Open mike - Some serious upward adjustments to Lord Rogers' vision for the Thames Gateway led to a stunt fantasy masterplan - but one that could succeed with the right convictions behind it

Sir Terry Farrell has been masterplanning the Thames Gateway since December 2003, when his presentation of "The Thames Gateway: Landscape - The First Infrastructure", proposed that nothing much should be built east of the 2012 Olympic site near Stratford. He argued that the Thames estuary - stretching to Southend and Sheppey - should be landscaped as a national park around the 600,000 households already there.

This vision for a growth area without growth was widely praised, partly because he pointed out that much of the land is an unappealing mix of brownfield, awful green belt, and prone to flooding. Sir Terry was still arguing to simply landscape the Thames Gateway in November 2005, at a lively Future Cities discussion.

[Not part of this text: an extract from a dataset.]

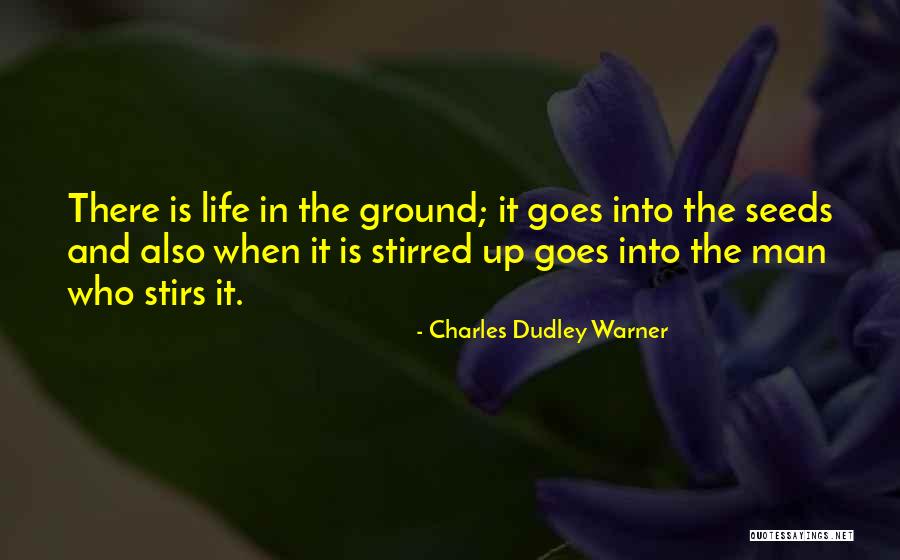 Charles Dudley Warner Quotes 891269 Charles Dudley Warner Quotes 891269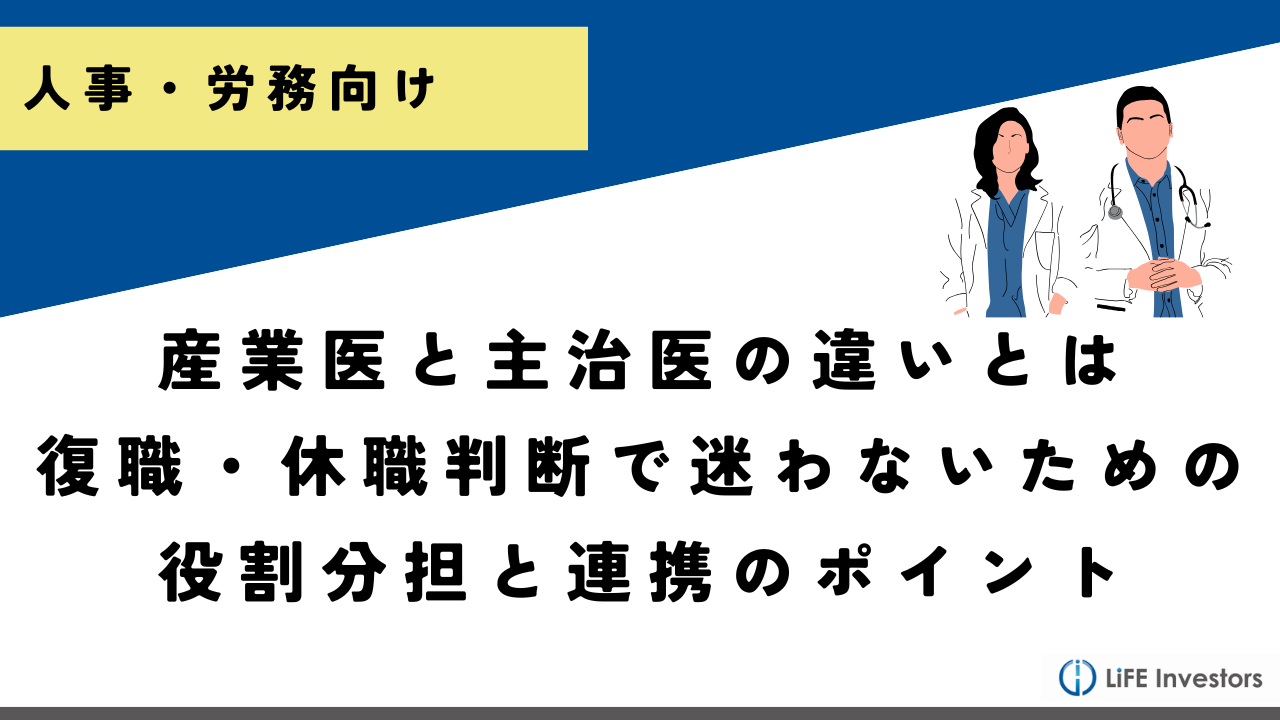産業医と主治医の違いとは｜復職・休職判断で迷わないための役割分担と連携のポイント_産業保健プラス 産業医監修の明日の解決策が見つかるメディア_メンタル対応に強い産業医紹介 LiFE Investors株式会社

He had a point. With the low number of homes planned to be built by 2016, there would be no significant expansion of London.

Criticising the low level of planned development in June 2004, the reformed Urban Task Force, under the chairmanship of Lord Rogers, called for 304,000 homes, which was supported by the Department for Culture, Media and Sport. These homes were still to be contained within the east of old London, as Farrell suggested. They were not to transform London, but increase densities around old infrastructure.

But as housing consultant Roger Humber observed in Building (14 October 2005, page 23), the Thames Gateway remains undeliverable because regardless of planning obstructions, "...the flood protection, land remediation, rail and other transport required is unaffordable and the Treasury will never pay for it".

Rogers raised the question of economies of scale when he assumed that the 38,000 ha of brownfield land in the 80,000 ha Gateway might be built on at a boring blanket of 80 homes per hectare. His presentation slide had incorrectly stated the total as 304,000; he was out by a factor of 10. So, for a magazine commission, my practice drew up a map showing what the Gateway would be like if we took the corrected figure of 3.04 million homes seriously.

Rogers’ slide presentation had incorrectly stated the total as 304,000 homes; he was out by a factor of 10

On a satellite image we drew the sites of special scientific interest, and left them alone. We assumed 25% of the best of the Thames and Medway estuaries to be cared for as landscape. The remaining 75% of previously developed land, poor farmland and waste ground we imagined developed across the full range of densities. That would be like building another Greater London to the east of the existing one. To do that well, the near complete replacement and replanning of the existing built stock should be entertained, requiring 120,000 homes per annum to be built for the next 25 years.

This was a fantasy, but one that was based on a lot of realities - such as the recognition by government of the need to replace the Thames Barrier by the end of its planned service life in 2030. We imagined a tidal barrage at the mouth of the estuary, open for container shipping, serving as a transport interchange to link Kent to Essex by road and rail, and a mile-high development connected to Liverpool Street Station by a magnetic levitation train. This was not all our idea. We just put a number of other people's great ideas together. For example the Environment Agency calls the tidal barrage "Project 2100", or TE2100 to be more precise.

Such terra-forming of the estuary - designing out the flood risk by engineering a very useful infrastructure - is entirely possible. Imagine our joy when we discovered Terry Farrell thought so, too. He now has an improved map with Project 2100-type features that he was launching at an event in London on Wednesday, as Building was going to press.

Farrell was due to be "introducing radical new ideas for the future of the Thames Gateway". Such technological solutions to natural problems are needed. But, still in denial, Farrell refuses to consider doubling London's population to fund that infrastructure.